#### [Task to carry out]
Drop every picture, then print the rest of the listing exactly as given.

#### [Collected data]
=== Begin Enclosure ===

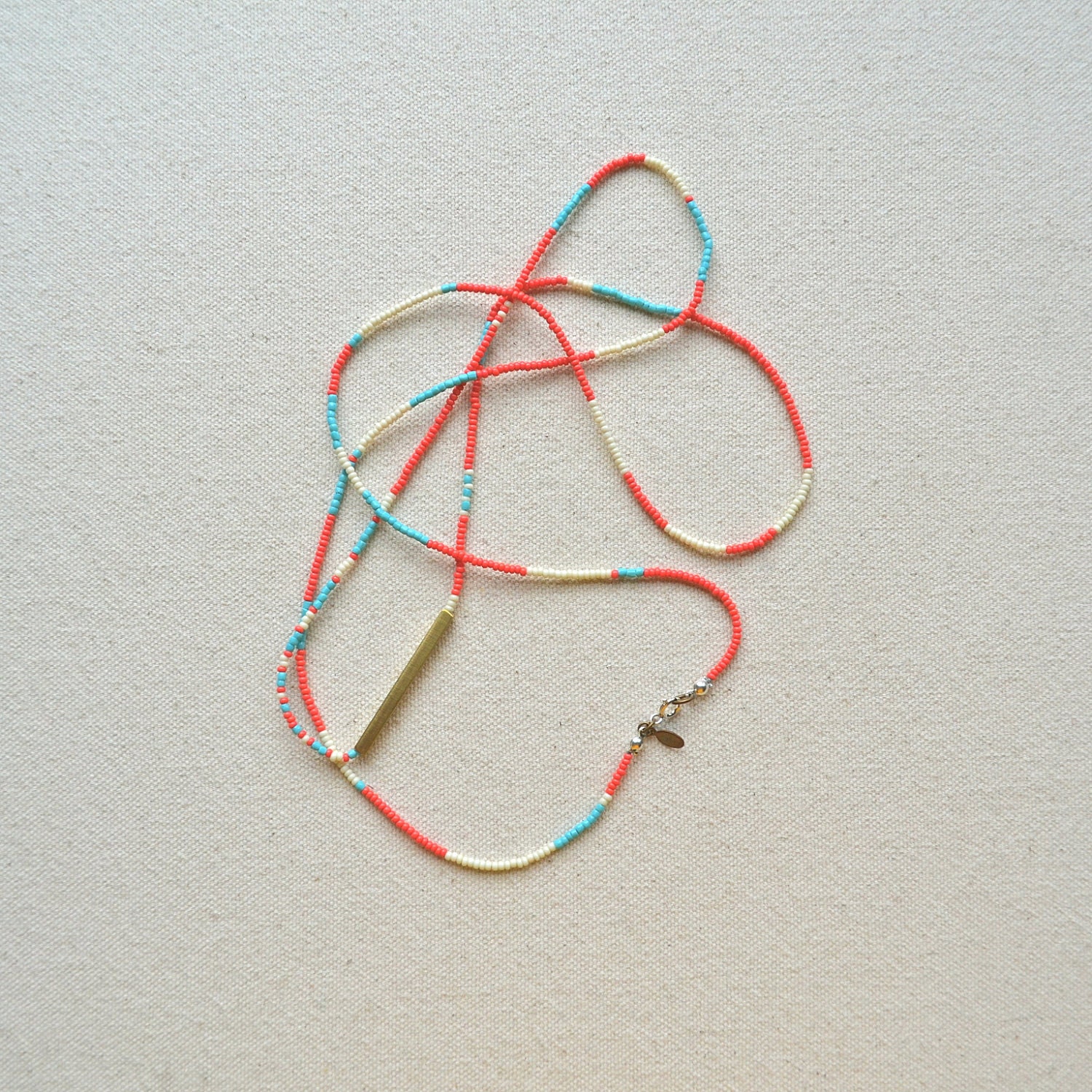 rNA Strand Series- One of a Kind Necklace/Bracelet with Hand Cut Brass in Bold Palette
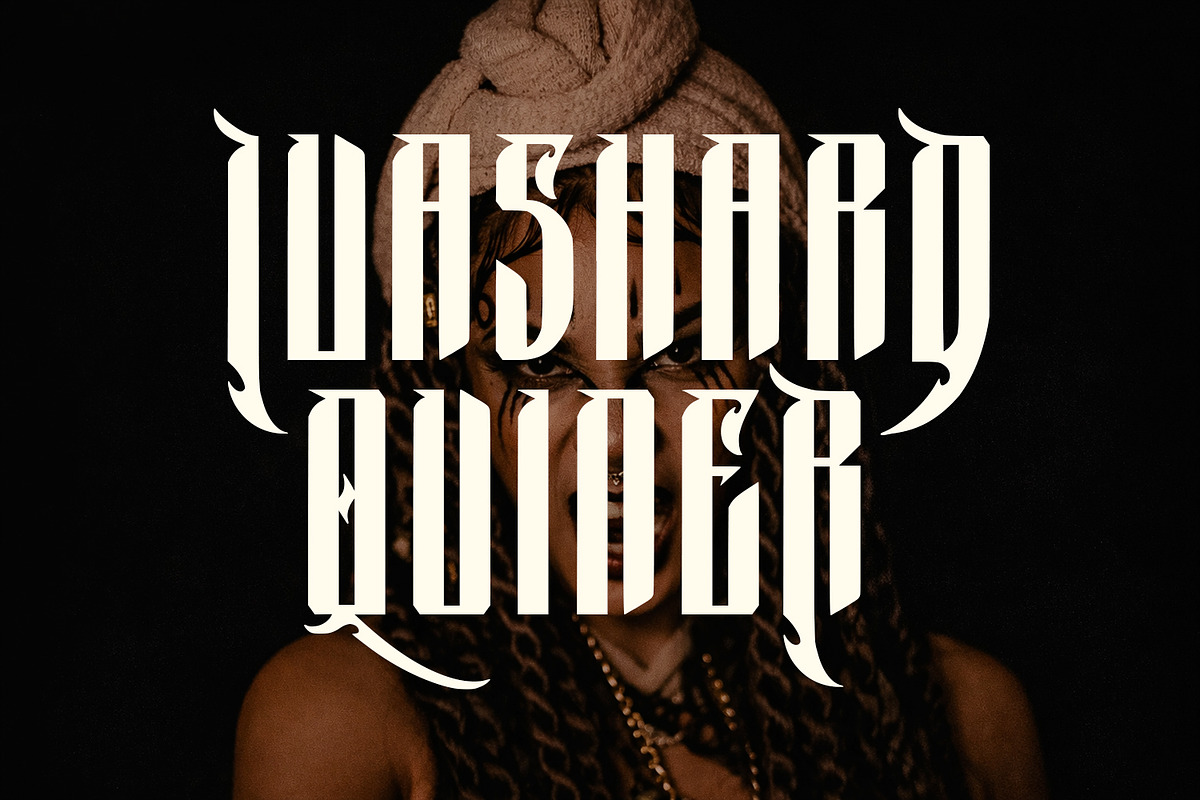Puscreb Modern Mystical Blackletter, a Blackletter Font by Maulana Creative (Photo 6 of 7)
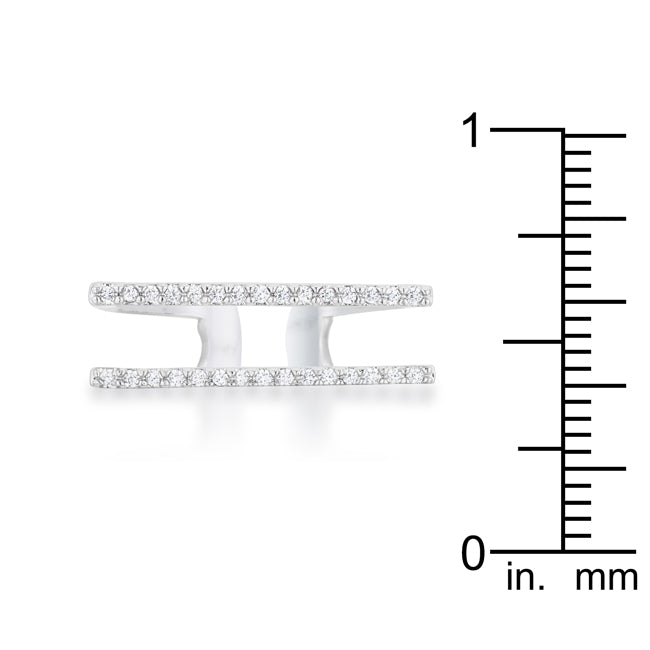 Jenn 0.2ct CZ Rhodium Pave Parallel Ring - The Best Accessory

=== End Enclosure ===

#### [Answer to this exercise]
 rNA Strand Series- One of a Kind Necklace/Bracelet with Hand Cut Brass in Bold Palette
Puscreb Modern Mystical Blackletter, a Blackletter Font by Maulana Creative (Photo 6 of 7)
 Jenn 0.2ct CZ Rhodium Pave Parallel Ring - The Best Accessory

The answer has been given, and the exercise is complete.